I read it the other way around: He is concerned about the Volcom (proprietary) zip system not working with the pants. 
Burton's is just the regular clips so don't see how that forces him to do anything.


----------



## freshy (Nov 18, 2009)

SGboarder said:


> I read it the other way around: He is concerned about the Volcom (proprietary) zip system not working with the pants.
> Burton's is just the regular clips so don't see how that forces him to do anything.


I said it should work, but meant to make sure the clips still line up and stuff just in case they did a design change or something.


----------



## thedru13 (Jan 4, 2014)

So they didn't end up having the guide jacket so went with the Volcom TD2... Hopefully this will last me like my other jacket did.


----------



## ekb18c (Mar 11, 2013)

The burton swash jacket is nice and I like the jacket a lot. However I'm a bigger fan of arteryx jackets as they are 3L too and feels better overall. 

Every since I bought my first arteryx jacket I don't think I'll buy anything else for snowboarding. They are light and can be used as 3 season jacket.


----------



## thedru13 (Jan 4, 2014)

Been hearing more and more about arteryx.. They were a bit out of my price point.. 


ekb18c said:


> The burton swash jacket is nice and I like the jacket a lot. However I'm a bigger fan of arteryx jackets as they are 3L too and feels better overall.
> 
> Every since I bought my first arteryx jacket I don't think I'll buy anything else for snowboarding. They are light and can be used as 3 season jacket.


----------



## ekb18c (Mar 11, 2013)

Wait for them to go on sale and they will be about $350. Totally worth it considering AK jackets go on sale for about $200


----------



## PlanB (Nov 21, 2014)

I have been using the Burton AK Boom jacket since part-way through last year and could not be more satisfied with it. As far as I can tell the only difference between the Swash jacket you are looking at and the Boom jacket that I have is that the Swash has one extra chest pocket and some lining - other than that I believe they are essentially the exact same garment. 

I live and ride in the West (British Columbia Interior) so I'm not dealing with overly wet conditions and find that 2L Gore-Tex is more than enough protection. 

I haven't used the Volcom Baldface jacket but I do have a pair of Volcom L Gore-Tex pants which are holding up well under normal useage. 

Personally, I wouldn't find it necessary to pay the not insignificant price difference between 2L and 3L but again, I don't do a lot of riding in soaking wet conditions. 

The Burton fit/finish of their AK garments in my experience is second to none and their warranty (if you ever have to make use of that) is excellent.

I watched the AK products for a while in my local stores and on-line and I found that they do not go on sale that often and when they do they are only $50 or so discounted so I would suggest that if you find a colorway/size that you like, just get it because if you wait you might not have the selection left that you like.
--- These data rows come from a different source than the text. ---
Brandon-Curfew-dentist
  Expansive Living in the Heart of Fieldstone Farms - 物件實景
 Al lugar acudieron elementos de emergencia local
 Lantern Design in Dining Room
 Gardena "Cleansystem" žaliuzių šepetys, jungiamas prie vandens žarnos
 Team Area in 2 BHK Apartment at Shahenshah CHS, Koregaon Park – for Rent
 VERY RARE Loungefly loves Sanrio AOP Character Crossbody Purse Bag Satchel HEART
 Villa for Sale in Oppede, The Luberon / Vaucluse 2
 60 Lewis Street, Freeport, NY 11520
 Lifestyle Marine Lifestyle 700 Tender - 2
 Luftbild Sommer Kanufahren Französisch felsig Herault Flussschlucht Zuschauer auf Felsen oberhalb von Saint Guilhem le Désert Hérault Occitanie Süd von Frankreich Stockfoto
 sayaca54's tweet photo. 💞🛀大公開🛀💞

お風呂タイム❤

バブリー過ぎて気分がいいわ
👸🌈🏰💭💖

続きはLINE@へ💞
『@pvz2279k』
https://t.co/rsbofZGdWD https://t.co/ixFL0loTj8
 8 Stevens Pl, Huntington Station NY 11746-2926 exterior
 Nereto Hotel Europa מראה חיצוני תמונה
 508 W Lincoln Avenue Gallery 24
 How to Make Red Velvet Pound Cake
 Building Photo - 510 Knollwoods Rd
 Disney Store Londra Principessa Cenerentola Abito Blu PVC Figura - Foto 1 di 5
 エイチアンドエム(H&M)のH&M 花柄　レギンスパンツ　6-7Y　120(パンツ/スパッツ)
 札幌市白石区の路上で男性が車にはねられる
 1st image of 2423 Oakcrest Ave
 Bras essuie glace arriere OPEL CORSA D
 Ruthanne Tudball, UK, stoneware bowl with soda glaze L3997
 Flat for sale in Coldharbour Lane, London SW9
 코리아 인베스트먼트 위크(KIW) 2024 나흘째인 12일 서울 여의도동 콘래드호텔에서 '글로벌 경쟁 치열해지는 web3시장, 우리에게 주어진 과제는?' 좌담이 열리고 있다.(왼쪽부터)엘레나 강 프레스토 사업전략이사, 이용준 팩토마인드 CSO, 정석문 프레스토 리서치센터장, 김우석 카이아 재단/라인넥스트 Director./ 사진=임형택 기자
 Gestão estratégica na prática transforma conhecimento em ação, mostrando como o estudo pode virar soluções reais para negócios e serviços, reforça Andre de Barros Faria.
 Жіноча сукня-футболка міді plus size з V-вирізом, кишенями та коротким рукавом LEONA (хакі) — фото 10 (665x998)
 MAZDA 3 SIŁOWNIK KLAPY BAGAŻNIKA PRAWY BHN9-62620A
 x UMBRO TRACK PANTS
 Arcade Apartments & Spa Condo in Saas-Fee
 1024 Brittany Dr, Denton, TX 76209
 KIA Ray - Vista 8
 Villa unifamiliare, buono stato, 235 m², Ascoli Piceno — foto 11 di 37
This is shopping from Canada, in the States you probably have more selection.

Good luck with your choice. I'd lean towards the AK from personal experience but I'm sure you'll be happy with either one.


----------



## ridinbend (Aug 2, 2012)

I have the lando tds and love it but you def need to size down. I'm 6'0 215 and the xl was huge. I could get away with a medium but Like the room of the large. Be aware the tds is not a shell it's def a jacket.


----------



## spacemanspiff (Jan 12, 2012)

I had the same question, I have an all burton AK outfit but I sometimes get snow down my pants... which is a bummer...

is the Volcom Zip tech worth it?


----------



## Tatanka Head (Jan 13, 2014)

How true is the Burton Swash in size. I have a friend in Cali who will send his XL out to me, but I don't want to waste money on shipping if it runs small. I know the Swagger ran big, but does the Swash run big, too?


----------



## thedru13 (Jan 4, 2014)

Just got mine yesterday. I am 6'2 200lbs. Got a large. Fits well. Not much room to fit layers under it. Need to try it in with my Patagonia nano puff. 


Tatanka Head said:


> How true is the Burton Swash in size. I have a friend in Cali who will send his XL out to me, but I don't want to waste money on shipping if it runs small. I know the Swagger ran big, but does the Swash run big, too?


----------



## Tatanka Head (Jan 13, 2014)

thedru13 said:


> Just got mine yesterday. I am 6'2 200lbs. Got a large. Fits well. Not much room to fit layers under it. Need to try it in with my Patagonia nano puff.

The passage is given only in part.